- Location: Atchafalaya Basin, Central Louisiana
- Nearest city: Baton Rouge, Louisiana
- Coordinates: 30°17′36″N 91°31′33″W﻿ / ﻿30.29333°N 91.52583°W
- Established: October 12, 2006
- Governing body: Louisiana Department of Culture, Recreation & Tourism
- Website: https://www.atchafalaya.org/

= Atchafalaya National Heritage Area =

United States National Heritage Area in Louisiana

Atchafalaya National Heritage Area is a federally designated National Heritage Area encompassing parts of fourteen parishes along the Atchafalaya River in the U.S. State of Louisiana. The heritage area extends the length of the Atchafalaya Basin from the area of Ferriday in the north to the river's mouth beyond Morgan City. The National Heritage Area is divided into four regions: Upper, Between 2 Rivers, Bayou Teche Corridor and the Coastal Zone. The designation provides a framework for the promotion and interpretation of the area's cultural and historic character, and the preservation of the natural and built environment. The heritage area designation recognizes the area's unique environment and culture, and its contributions to music, English and French language, literature, and cuisine.

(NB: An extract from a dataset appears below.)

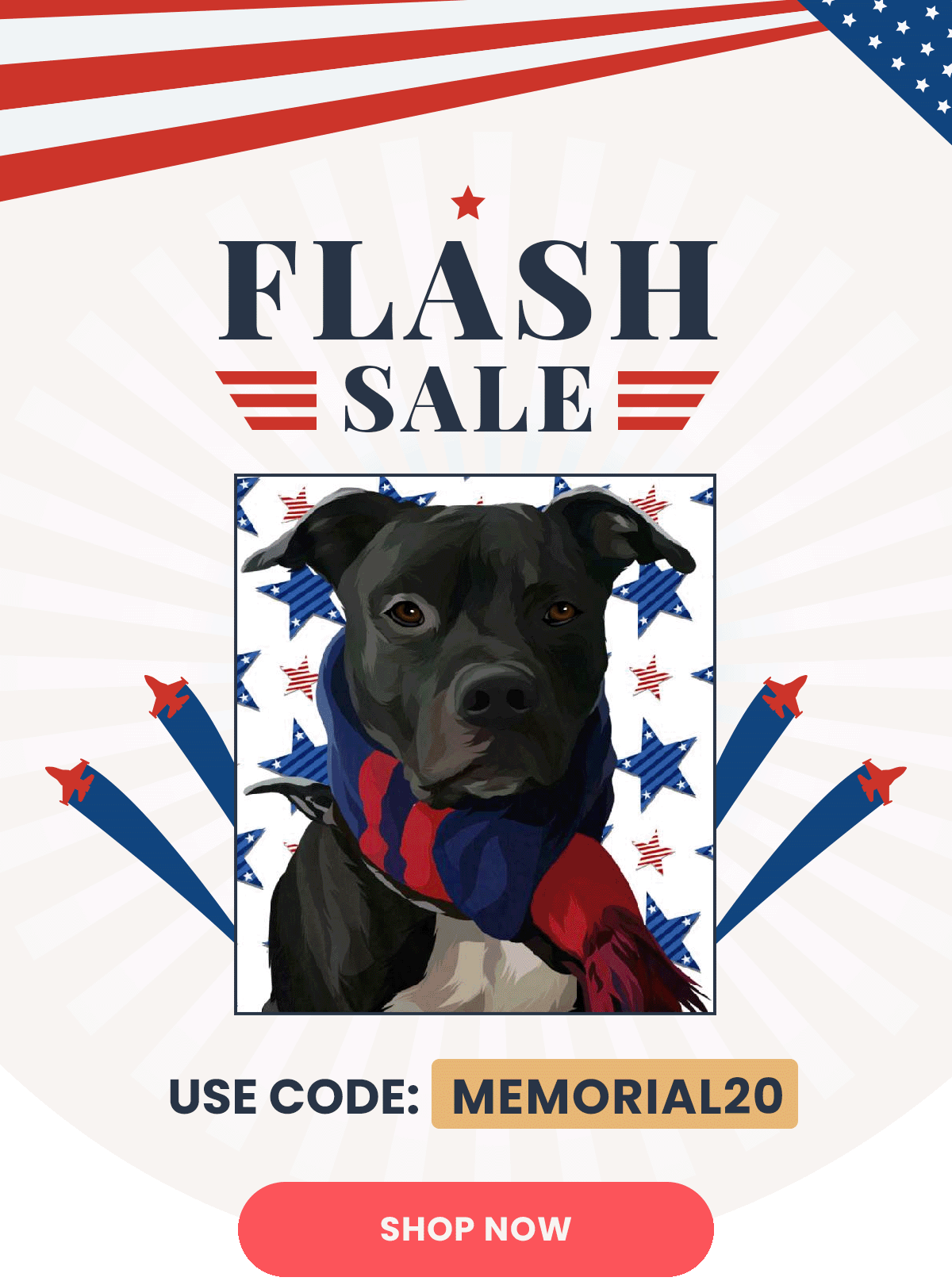 CLAIM YOUR DISCOUNT CODE: MEMORIAL20 - TURN ON IMAGES!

Major locales included in the Heritage Area include Avery Island, New Iberia, Morgan City, Lafayette, Opelousas, Baton Rouge, Plaquemine and Houma. Jean Lafitte National Historical Park, Longfellow-Evangeline State Historic Site and Plaquemine Lock State Historic Site are included in the heritage area, as well as the Louisiana State Museum branches in Baton Rouge and Patterson. Parishes partly or wholly included in the area include Concordia, Avoyelles, Pointe Coupee, St. Landry, Lafayette, St. Martin, Iberia, East Baton Rouge, Ascension, Lafourche, West Baton Rouge, Iberville, St. Mary, Assumption and Terrebonne parishes.

The National Heritage Area was authorized by Public Law 109–338, also known as the National Heritage Area Act of 2006.